Glucocorticoids Affect Human Dendritic Cell Differentiation and Maturation

• Published in: The Journal of immunology (1950) Vol. 162; no. 11; pp. 6473 - 6481
• Main Authors: Piemonti, Lorenzo, Monti, Paolo, Allavena, Paola, Sironi, Marina, Soldini, Laura, Leone, Biagio Eugenio, Socci, Carlo, Di Carlo, Valerio
• Format: Journal Article
• Language: English
• Published: United States Am Assoc Immnol 01.06.1999
• Subjects: Antigen Presentation - drug effects; CD40 Antigens - metabolism; CD40 Ligand; Cell Differentiation - drug effects; Cell Differentiation - immunology; Cells, Cultured; Cytokines - antagonists & inhibitors; Cytokines - biosynthesis; Dendritic Cells - cytology; Dendritic Cells - drug effects; Dendritic Cells - immunology; Dendritic Cells - metabolism; Dexamethasone - pharmacology; Down-Regulation - drug effects; Down-Regulation - immunology; Growth Inhibitors - pharmacology; Humans; Immunosuppressive Agents - pharmacology; Lectins, C-Type; Ligands; Mannose - metabolism; Mannose-Binding Lectins; Membrane Glycoproteins - pharmacology; Monocytes - cytology; Monocytes - drug effects; Monocytes - ultrastructure; Pinocytosis - drug effects; Pinocytosis - immunology; Receptors, Cell Surface - physiology; Solubility; Tumor Necrosis Factor-alpha - pharmacology; Up-Regulation - drug effects; Up-Regulation - immunology
• ISSN: 0022-1767; 1550-6606
• DOI: 10.4049/jimmunol.162.11.6473

Because dendritic cells (DC) play a major role in the initiation of T cell-mediated immunity, we studied the effects of glucocorticoids, well-known inhibitors of the immune and inflammatory response, on the differentiation and maturation of human DC. DC were differentiated from human monocytes by culture with GM-CSF and IL-4 for 7 days with and without dexamethasone (Dex).
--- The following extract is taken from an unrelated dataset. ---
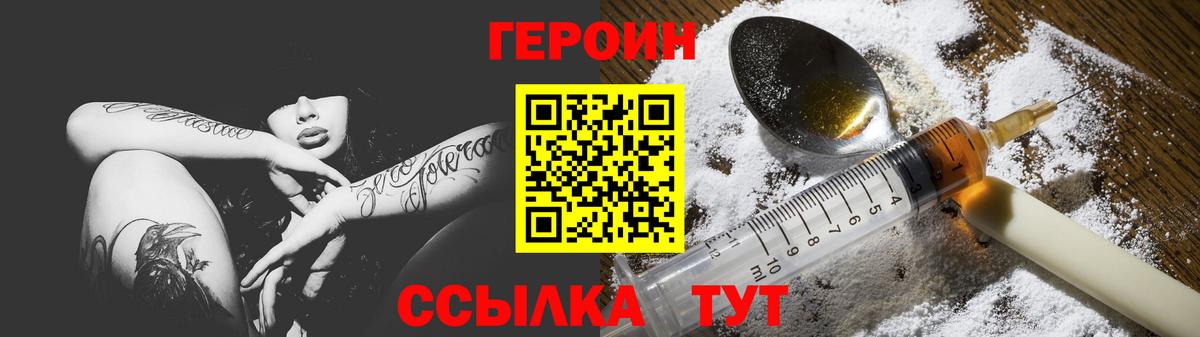 Героин гречка Кострома
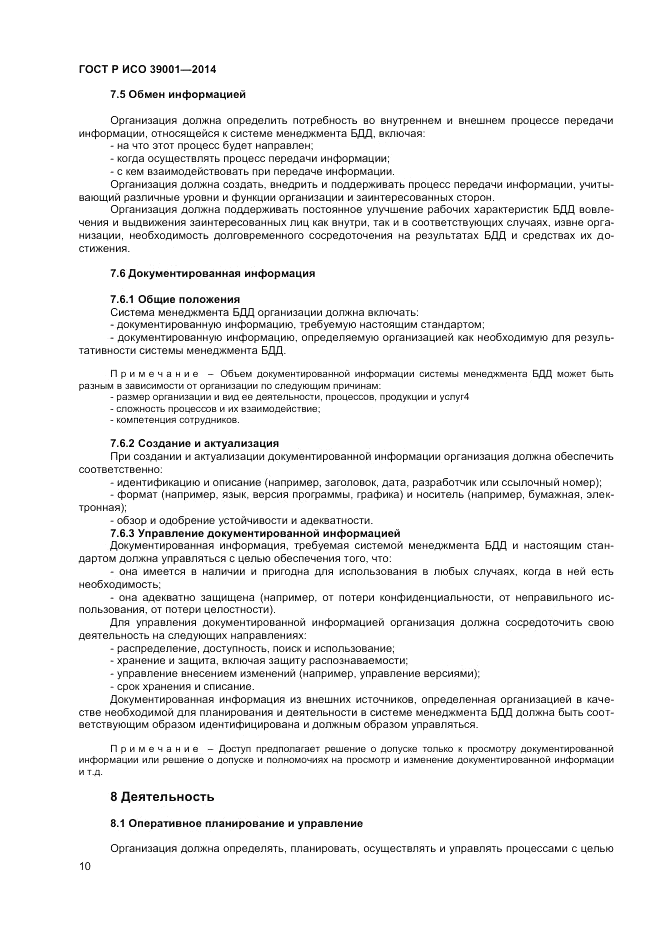ГОСТ Р ИСО  39001-2014, страница 14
Cells treated with Dex (10-8 M) (Dex-DC) developed a characteristic dendritic morphology; however, membrane phenotype analysis demonstrated that they were not fully differentiated. Dex-DC expressed low levels of CD1a and, unlike untreated cells, high levels of CD14 and CD16. Molecules involved in Ag presentation (CD40, CD86, CD54) were also impaired. In contrast, molecules involved in Ag uptake (mannose receptor, CD32) and cell adhesion (CD11/CD18, CD54) were up-regulated. After exposure to TNF-alpha or CD40 ligand, Dex-DC expressed lower levels of CD83 and CD86 than untreated cells. Dex-DC showed a higher endocytic activity, a lower APC function, and a lower capacity to secrete cytokines than untreated cells. Overall, these results indicate that DC differentiated in the presence of Dex are at a more immature stage. Moreover, Dex also partially blocked terminal maturation of already differentiated DC. In conclusion, our data suggest that glucocorticoids may act at the very first step of the immune response by modulating DC differentiation, maturation, and function.